» WHAT NEEDS TO BE DONE
Copy everything in the listing below word for word, apart from any images.
*****
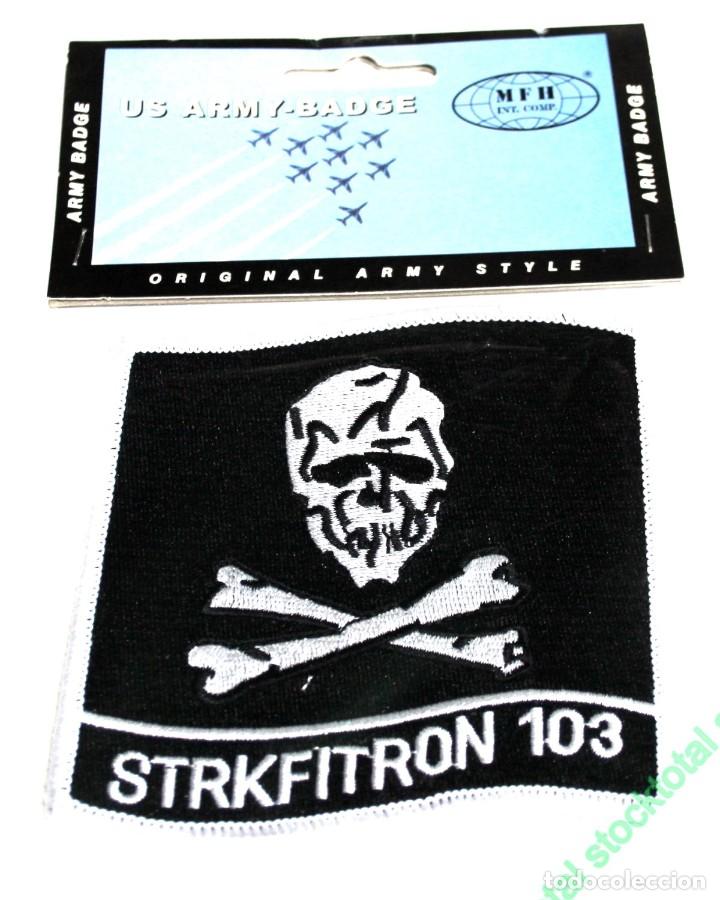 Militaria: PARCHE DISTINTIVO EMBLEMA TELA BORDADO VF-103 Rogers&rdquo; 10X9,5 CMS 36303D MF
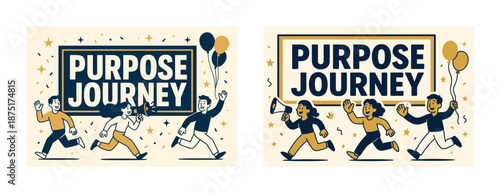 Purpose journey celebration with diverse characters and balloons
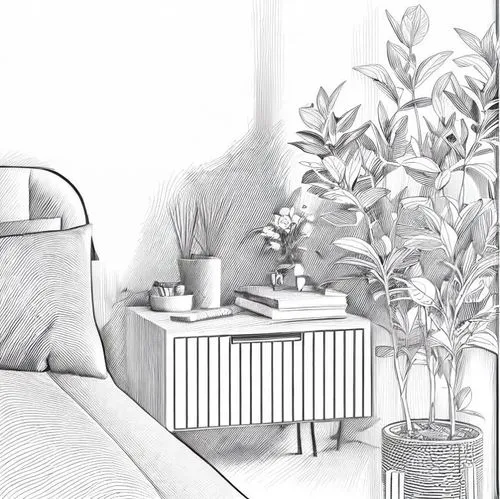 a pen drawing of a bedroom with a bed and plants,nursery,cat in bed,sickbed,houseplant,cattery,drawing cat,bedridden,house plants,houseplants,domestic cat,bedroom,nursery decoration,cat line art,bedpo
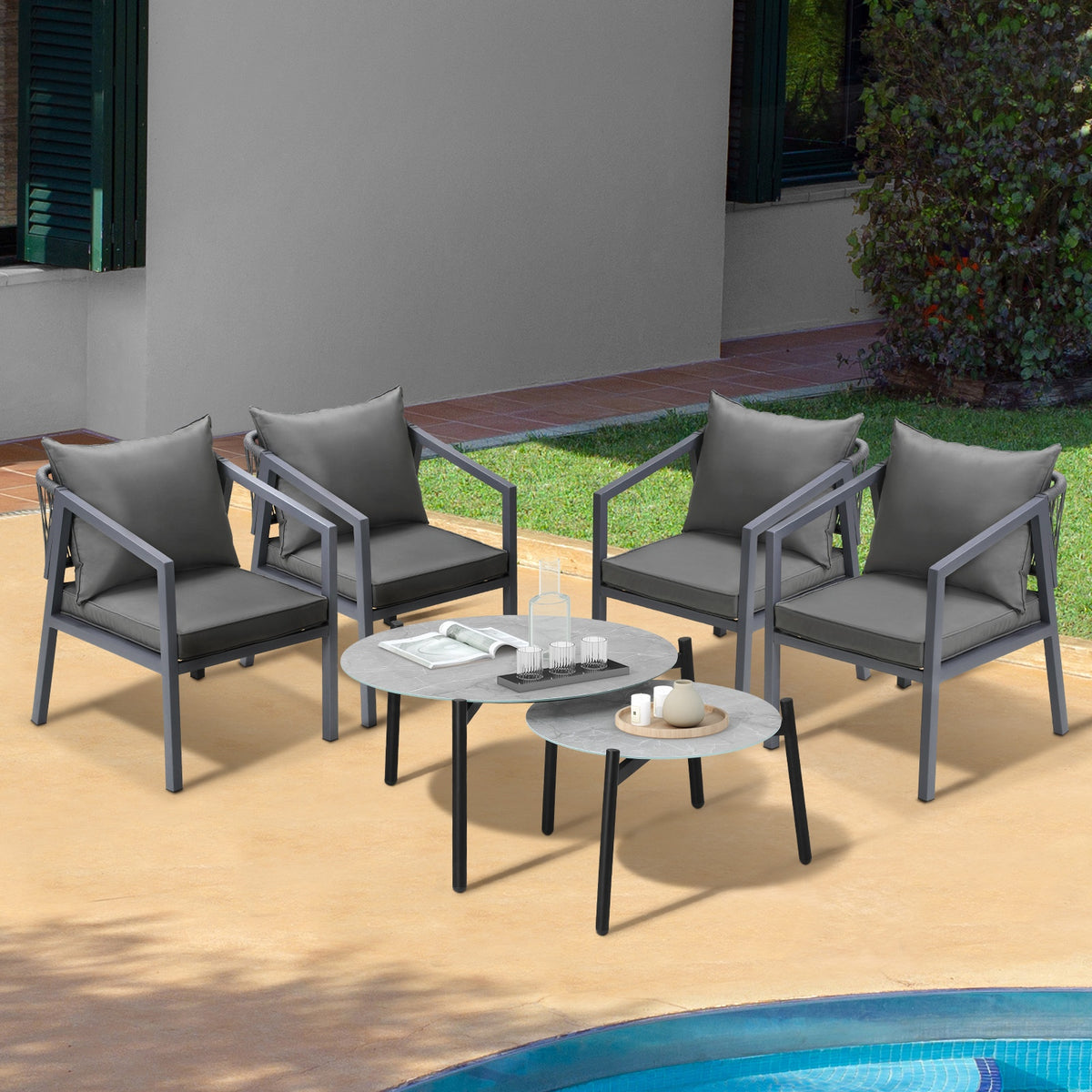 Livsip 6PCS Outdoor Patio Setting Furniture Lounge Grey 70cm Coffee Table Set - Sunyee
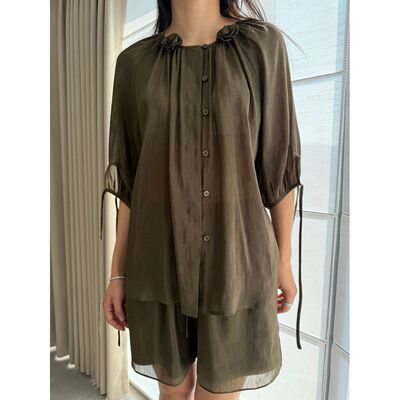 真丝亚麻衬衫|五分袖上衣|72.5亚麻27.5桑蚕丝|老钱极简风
*****
» SOLUTION
 Militaria: PARCHE DISTINTIVO EMBLEMA TELA BORDADO VF-103 Rogers&rdquo; 10X9,5 CMS 36303D MF
 Purpose journey celebration with diverse characters and balloons
 a pen drawing of a bedroom with a bed and plants,nursery,cat in bed,sickbed,houseplant,cattery,drawing cat,bedridden,house plants,houseplants,domestic cat,bedroom,nursery decoration,cat line art,bedpo
 Livsip 6PCS Outdoor Patio Setting Furniture Lounge Grey 70cm Coffee Table Set - Sunyee
 真丝亚麻衬衫|五分袖上衣|72.5亚麻27.5桑蚕丝|老钱极简风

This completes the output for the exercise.